Geological Appraiser

As frustrating as these issues might be to face, there aren’t perfect solutions available for any of these problems. With regards to the Regional Championship in Atlanta, this is extremely unfortunate timing. Given that all other Regional Championships occurred before ban discussions took place, it may have made the most sense to make bans happen after the event in Atlanta had finished.

This would’ve involved needing to move the ban announcement until a few weeks later and likely would’ve resulted in an unhealthy metagame with a ton of Discover combo being represented. While obviously not ideal, there’s an argument this is still better than creating massive change right before the event.

As for content creators, it’s certainly awkward to have a detailed discussion before bans actually take place. The thing is, it does give players an even bigger chance to prepare and speculate for potential changes. It’s unclear if dropping a ban announcement with massive changes to two key formats on Monday would’ve been better or worse overall without the WeeklyMTG discussion.
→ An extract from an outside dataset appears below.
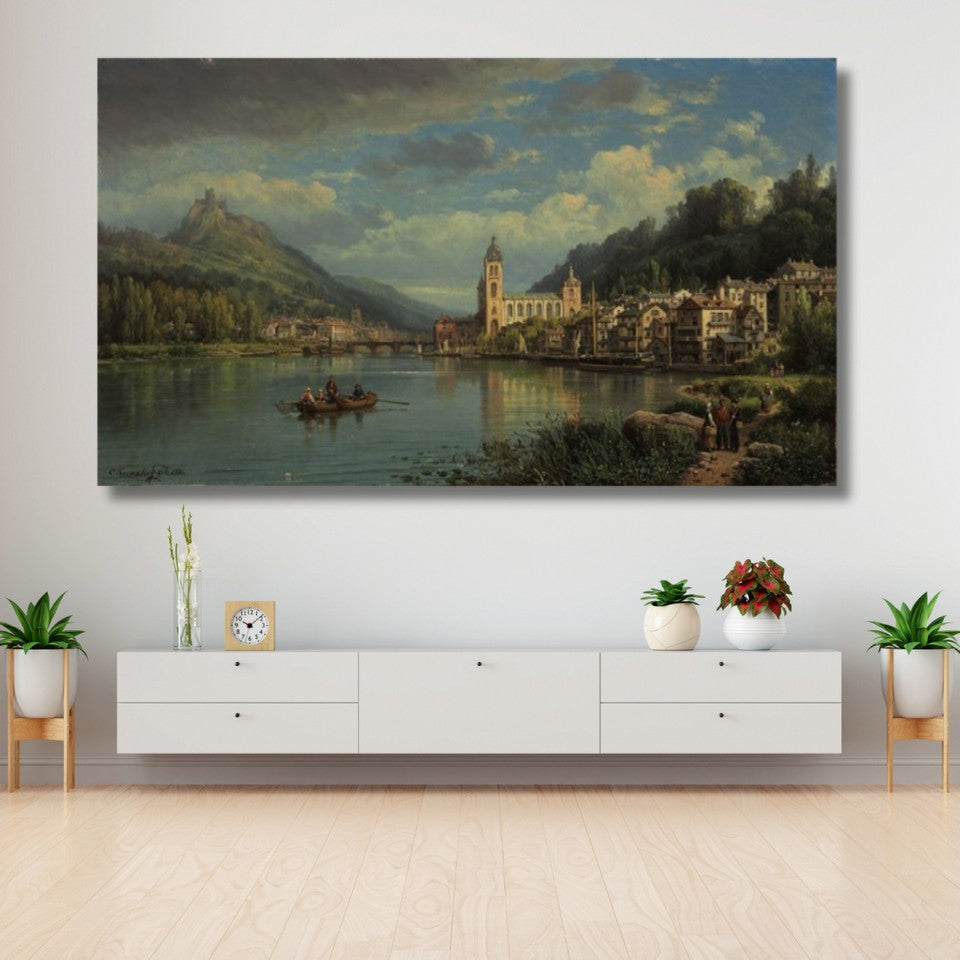 Klasik Ressam Yağlı Boya Görseli Kanvas Tablo Dijital Baskı Salon Tablosu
Ultimately, the most sensible thing to do may have been to simply announce the bans this week. Sure, it would have been a bit sudden, but it would solve the issue of killing Pioneer and Modern for a week. Content creators could feature the new formats and competitors would have another week to prepare.

After the complete lack of discussion associated with the October ban announcement, at least we are getting a bit more transparency. It’ll be worth monitoring how ban announcements continue to get handled in the future and if these preview discussions become the norm.